>>

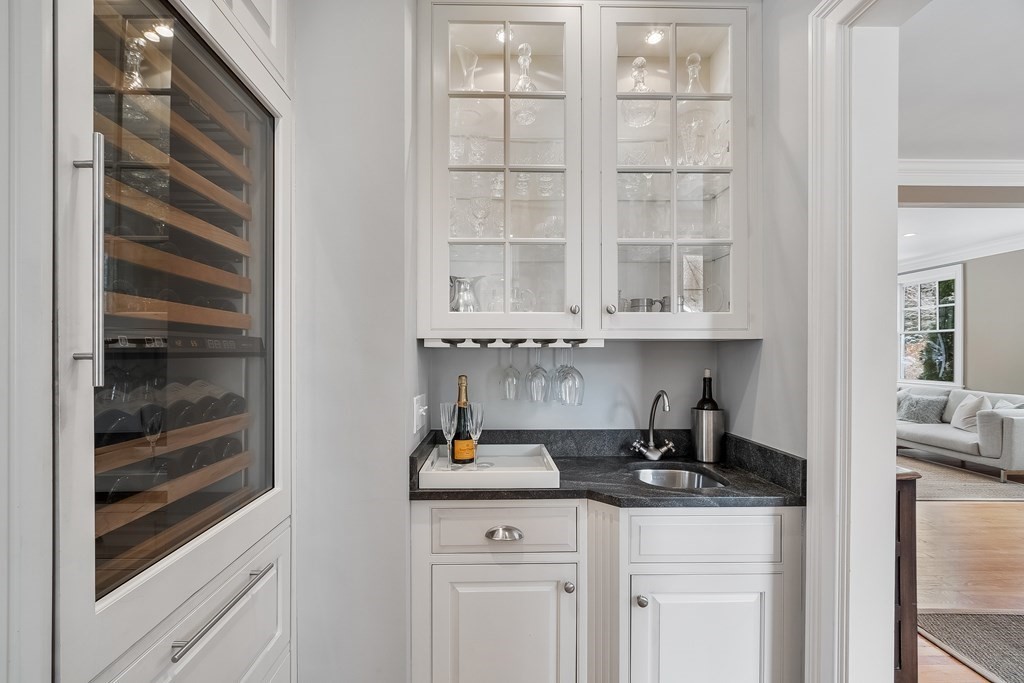 61 Garfield Road Concord, MA 01742 - Photo 8 of 33 a kitchen with a sink and cabinets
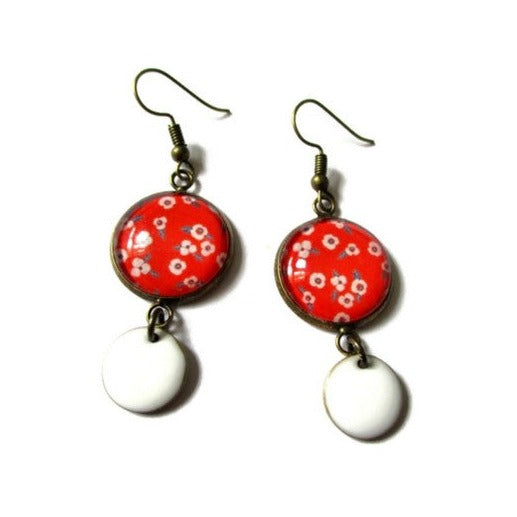 Red and white floral earrings and white enamel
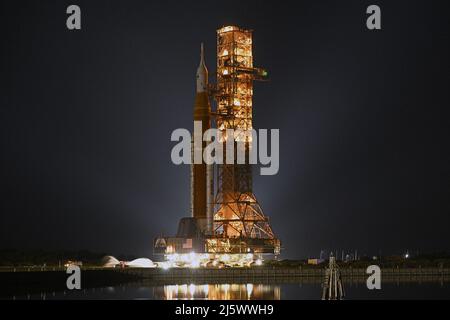 NASA's SLS Booster rolls back to the Vehicle Assembly Building at the Kennedy Space Center, Florida on Tuesday, April 26, 2022. NASA plans to conduct repairs to the rocket and its mobile launch platform before returning to the pad for a wet dress rehearsal and tanking test. Photo by Joe Marino/UPI Credit: UPI/Alamy Live News Stock Photo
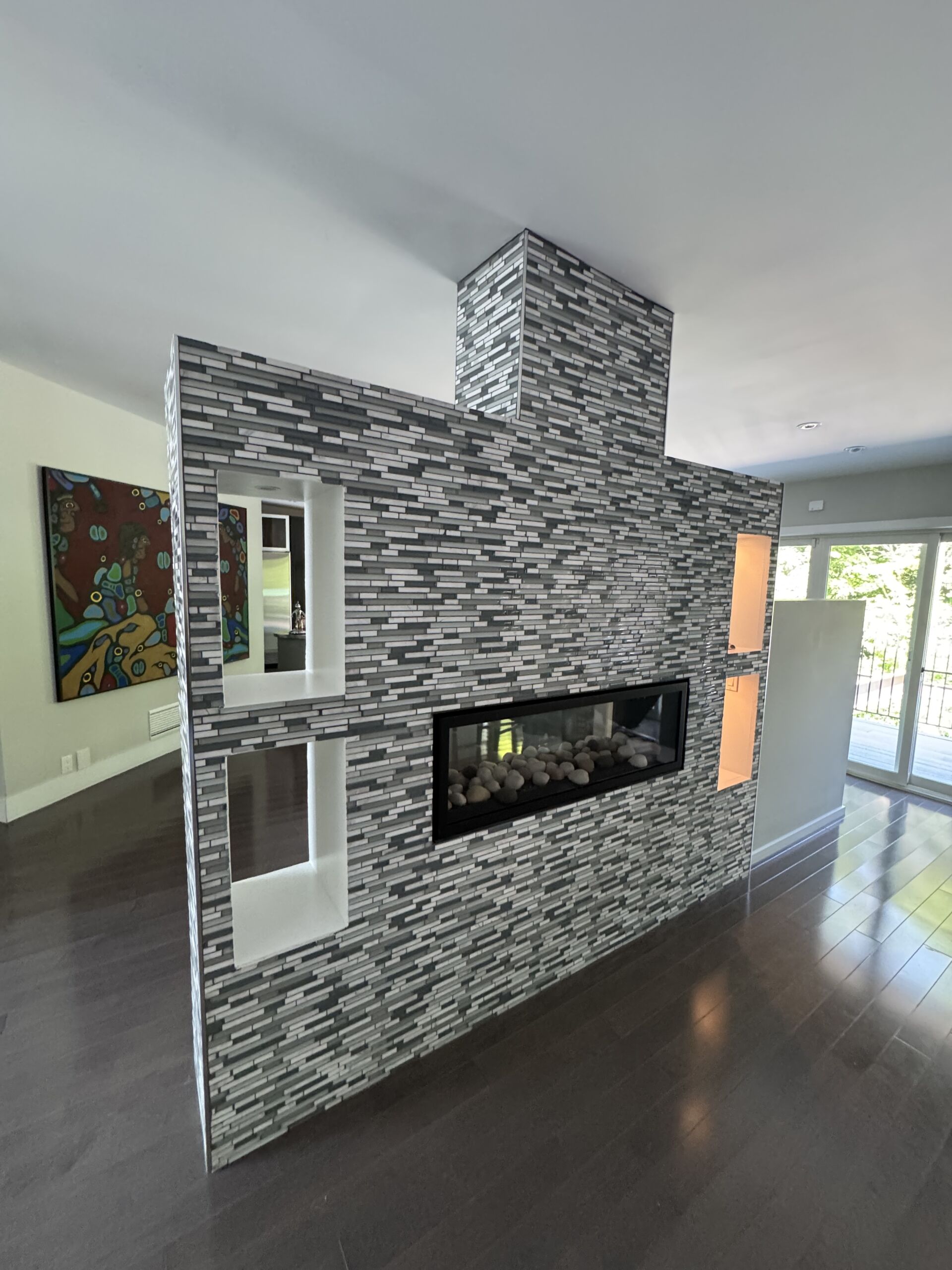 fireplace makeover venetian plaster with metallic finish in north york toronto1 Two-sided tiled fireplace before being refinished in Venetian plaster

<<

Task to carry out —
Retype the whole listing. Keep every word exact but include no pictures.

Solution —
 61 Garfield Road Concord, MA 01742 - Photo 8 of 33 a kitchen with a sink and cabinets
 Red and white floral earrings and white enamel
 NASA's SLS Booster rolls back to the Vehicle Assembly Building at the Kennedy Space Center, Florida on Tuesday, April 26, 2022. NASA plans to conduct repairs to the rocket and its mobile launch platform before returning to the pad for a wet dress rehearsal and tanking test. Photo by Joe Marino/UPI Credit: UPI/Alamy Live News Stock Photo
 fireplace makeover venetian plaster with metallic finish in north york toronto1 Two-sided tiled fireplace before being refinished in Venetian plaster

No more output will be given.